*** Opening of Provided information ***

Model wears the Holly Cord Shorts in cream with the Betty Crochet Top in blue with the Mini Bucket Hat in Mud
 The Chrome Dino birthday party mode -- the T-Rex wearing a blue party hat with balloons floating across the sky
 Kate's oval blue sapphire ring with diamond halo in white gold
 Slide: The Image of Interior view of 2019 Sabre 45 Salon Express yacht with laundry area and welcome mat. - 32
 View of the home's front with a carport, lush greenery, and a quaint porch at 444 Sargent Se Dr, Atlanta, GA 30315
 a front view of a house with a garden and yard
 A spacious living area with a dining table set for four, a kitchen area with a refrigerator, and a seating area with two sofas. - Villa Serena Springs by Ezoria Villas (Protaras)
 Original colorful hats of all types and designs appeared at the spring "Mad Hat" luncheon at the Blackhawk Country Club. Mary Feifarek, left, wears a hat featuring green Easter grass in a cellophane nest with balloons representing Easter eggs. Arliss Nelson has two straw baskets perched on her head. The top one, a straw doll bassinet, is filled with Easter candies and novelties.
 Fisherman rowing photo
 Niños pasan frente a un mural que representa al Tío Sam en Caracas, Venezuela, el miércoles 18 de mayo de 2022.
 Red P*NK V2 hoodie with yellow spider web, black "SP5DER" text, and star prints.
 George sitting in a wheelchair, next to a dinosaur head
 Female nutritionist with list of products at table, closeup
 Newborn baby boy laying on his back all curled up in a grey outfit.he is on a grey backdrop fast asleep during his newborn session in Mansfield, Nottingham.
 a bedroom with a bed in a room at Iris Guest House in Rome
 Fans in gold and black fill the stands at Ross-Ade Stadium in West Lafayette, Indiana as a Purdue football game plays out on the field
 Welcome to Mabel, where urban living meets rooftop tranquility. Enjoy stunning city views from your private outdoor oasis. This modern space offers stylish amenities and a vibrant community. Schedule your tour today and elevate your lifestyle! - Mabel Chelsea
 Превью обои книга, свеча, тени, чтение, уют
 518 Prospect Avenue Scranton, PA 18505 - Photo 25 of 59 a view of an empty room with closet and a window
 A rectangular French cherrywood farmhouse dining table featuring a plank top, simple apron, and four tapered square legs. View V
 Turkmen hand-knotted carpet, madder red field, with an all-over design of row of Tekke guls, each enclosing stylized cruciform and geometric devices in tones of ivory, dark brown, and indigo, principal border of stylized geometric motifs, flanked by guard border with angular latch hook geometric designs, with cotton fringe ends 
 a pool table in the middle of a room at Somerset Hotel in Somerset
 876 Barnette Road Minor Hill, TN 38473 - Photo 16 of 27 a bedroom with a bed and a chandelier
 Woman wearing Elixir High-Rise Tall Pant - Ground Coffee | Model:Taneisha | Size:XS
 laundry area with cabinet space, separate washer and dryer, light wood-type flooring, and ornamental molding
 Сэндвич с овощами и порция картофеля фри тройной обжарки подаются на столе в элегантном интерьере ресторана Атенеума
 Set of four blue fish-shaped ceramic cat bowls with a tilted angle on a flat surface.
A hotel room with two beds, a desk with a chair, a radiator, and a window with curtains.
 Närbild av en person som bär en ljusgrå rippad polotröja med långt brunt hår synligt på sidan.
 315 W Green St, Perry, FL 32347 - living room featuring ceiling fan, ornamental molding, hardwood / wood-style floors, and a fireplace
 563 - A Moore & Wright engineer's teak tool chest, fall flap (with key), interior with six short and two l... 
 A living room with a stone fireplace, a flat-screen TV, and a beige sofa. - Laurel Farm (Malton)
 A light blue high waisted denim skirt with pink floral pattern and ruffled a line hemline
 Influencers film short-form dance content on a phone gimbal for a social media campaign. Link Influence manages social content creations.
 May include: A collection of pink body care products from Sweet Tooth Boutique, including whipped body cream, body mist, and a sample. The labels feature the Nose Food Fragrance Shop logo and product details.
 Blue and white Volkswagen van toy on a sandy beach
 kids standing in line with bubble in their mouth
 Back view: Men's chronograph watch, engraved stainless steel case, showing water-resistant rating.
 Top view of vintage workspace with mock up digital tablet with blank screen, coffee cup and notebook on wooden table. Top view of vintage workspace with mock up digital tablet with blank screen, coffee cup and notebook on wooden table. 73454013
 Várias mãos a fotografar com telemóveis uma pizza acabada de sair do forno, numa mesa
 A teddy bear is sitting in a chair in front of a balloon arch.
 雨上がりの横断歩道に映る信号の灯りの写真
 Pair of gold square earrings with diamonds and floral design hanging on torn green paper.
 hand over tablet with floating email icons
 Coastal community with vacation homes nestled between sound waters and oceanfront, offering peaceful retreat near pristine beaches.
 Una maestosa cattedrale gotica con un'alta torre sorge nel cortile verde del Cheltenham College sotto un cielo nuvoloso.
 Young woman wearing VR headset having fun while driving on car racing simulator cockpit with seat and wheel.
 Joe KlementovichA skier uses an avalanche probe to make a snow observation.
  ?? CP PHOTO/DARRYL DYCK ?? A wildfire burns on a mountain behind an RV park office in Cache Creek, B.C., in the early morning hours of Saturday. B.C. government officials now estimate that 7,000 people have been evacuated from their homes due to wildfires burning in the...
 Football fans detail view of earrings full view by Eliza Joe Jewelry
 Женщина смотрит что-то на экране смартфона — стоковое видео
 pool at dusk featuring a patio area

*** Close of Provided information ***

Assigned task —
Repeat the listing in full, keeping every line exactly as it is.

Response for this exercise —
Model wears the Holly Cord Shorts in cream with the Betty Crochet Top in blue with the Mini Bucket Hat in Mud
 The Chrome Dino birthday party mode -- the T-Rex wearing a blue party hat with balloons floating across the sky
 Kate's oval blue sapphire ring with diamond halo in white gold
 Slide: The Image of Interior view of 2019 Sabre 45 Salon Express yacht with laundry area and welcome mat. - 32
 View of the home's front with a carport, lush greenery, and a quaint porch at 444 Sargent Se Dr, Atlanta, GA 30315
 a front view of a house with a garden and yard
 A spacious living area with a dining table set for four, a kitchen area with a refrigerator, and a seating area with two sofas. - Villa Serena Springs by Ezoria Villas (Protaras)
 Original colorful hats of all types and designs appeared at the spring "Mad Hat" luncheon at the Blackhawk Country Club. Mary Feifarek, left, wears a hat featuring green Easter grass in a cellophane nest with balloons representing Easter eggs. Arliss Nelson has two straw baskets perched on her head. The top one, a straw doll bassinet, is filled with Easter candies and novelties.
 Fisherman rowing photo
 Niños pasan frente a un mural que representa al Tío Sam en Caracas, Venezuela, el miércoles 18 de mayo de 2022.
 Red P*NK V2 hoodie with yellow spider web, black "SP5DER" text, and star prints.
 George sitting in a wheelchair, next to a dinosaur head
 Female nutritionist with list of products at table, closeup
 Newborn baby boy laying on his back all curled up in a grey outfit.he is on a grey backdrop fast asleep during his newborn session in Mansfield, Nottingham.
 a bedroom with a bed in a room at Iris Guest House in Rome
 Fans in gold and black fill the stands at Ross-Ade Stadium in West Lafayette, Indiana as a Purdue football game plays out on the field
 Welcome to Mabel, where urban living meets rooftop tranquility. Enjoy stunning city views from your private outdoor oasis. This modern space offers stylish amenities and a vibrant community. Schedule your tour today and elevate your lifestyle! - Mabel Chelsea
 Превью обои книга, свеча, тени, чтение, уют
 518 Prospect Avenue Scranton, PA 18505 - Photo 25 of 59 a view of an empty room with closet and a window
 A rectangular French cherrywood farmhouse dining table featuring a plank top, simple apron, and four tapered square legs. View V
 Turkmen hand-knotted carpet, madder red field, with an all-over design of row of Tekke guls, each enclosing stylized cruciform and geometric devices in tones of ivory, dark brown, and indigo, principal border of stylized geometric motifs, flanked by guard border with angular latch hook geometric designs, with cotton fringe ends 
 a pool table in the middle of a room at Somerset Hotel in Somerset
 876 Barnette Road Minor Hill, TN 38473 - Photo 16 of 27 a bedroom with a bed and a chandelier
 Woman wearing Elixir High-Rise Tall Pant - Ground Coffee | Model:Taneisha | Size:XS
 laundry area with cabinet space, separate washer and dryer, light wood-type flooring, and ornamental molding
 Сэндвич с овощами и порция картофеля фри тройной обжарки подаются на столе в элегантном интерьере ресторана Атенеума
 Set of four blue fish-shaped ceramic cat bowls with a tilted angle on a flat surface.
A hotel room with two beds, a desk with a chair, a radiator, and a window with curtains.
 Närbild av en person som bär en ljusgrå rippad polotröja med långt brunt hår synligt på sidan.
 315 W Green St, Perry, FL 32347 - living room featuring ceiling fan, ornamental molding, hardwood / wood-style floors, and a fireplace
 563 - A Moore & Wright engineer's teak tool chest, fall flap (with key), interior with six short and two l... 
 A living room with a stone fireplace, a flat-screen TV, and a beige sofa. - Laurel Farm (Malton)
 A light blue high waisted denim skirt with pink floral pattern and ruffled a line hemline
 Influencers film short-form dance content on a phone gimbal for a social media campaign. Link Influence manages social content creations.
 May include: A collection of pink body care products from Sweet Tooth Boutique, including whipped body cream, body mist, and a sample. The labels feature the Nose Food Fragrance Shop logo and product details.
 Blue and white Volkswagen van toy on a sandy beach
 kids standing in line with bubble in their mouth
 Back view: Men's chronograph watch, engraved stainless steel case, showing water-resistant rating.
 Top view of vintage workspace with mock up digital tablet with blank screen, coffee cup and notebook on wooden table. Top view of vintage workspace with mock up digital tablet with blank screen, coffee cup and notebook on wooden table. 73454013
 Várias mãos a fotografar com telemóveis uma pizza acabada de sair do forno, numa mesa
 A teddy bear is sitting in a chair in front of a balloon arch.
 雨上がりの横断歩道に映る信号の灯りの写真
 Pair of gold square earrings with diamonds and floral design hanging on torn green paper.
 hand over tablet with floating email icons
 Coastal community with vacation homes nestled between sound waters and oceanfront, offering peaceful retreat near pristine beaches.
 Una maestosa cattedrale gotica con un'alta torre sorge nel cortile verde del Cheltenham College sotto un cielo nuvoloso.
 Young woman wearing VR headset having fun while driving on car racing simulator cockpit with seat and wheel.
 Joe KlementovichA skier uses an avalanche probe to make a snow observation.
  ?? CP PHOTO/DARRYL DYCK ?? A wildfire burns on a mountain behind an RV park office in Cache Creek, B.C., in the early morning hours of Saturday. B.C. government officials now estimate that 7,000 people have been evacuated from their homes due to wildfires burning in the...
 Football fans detail view of earrings full view by Eliza Joe Jewelry
 Женщина смотрит что-то на экране смартфона — стоковое видео
 pool at dusk featuring a patio area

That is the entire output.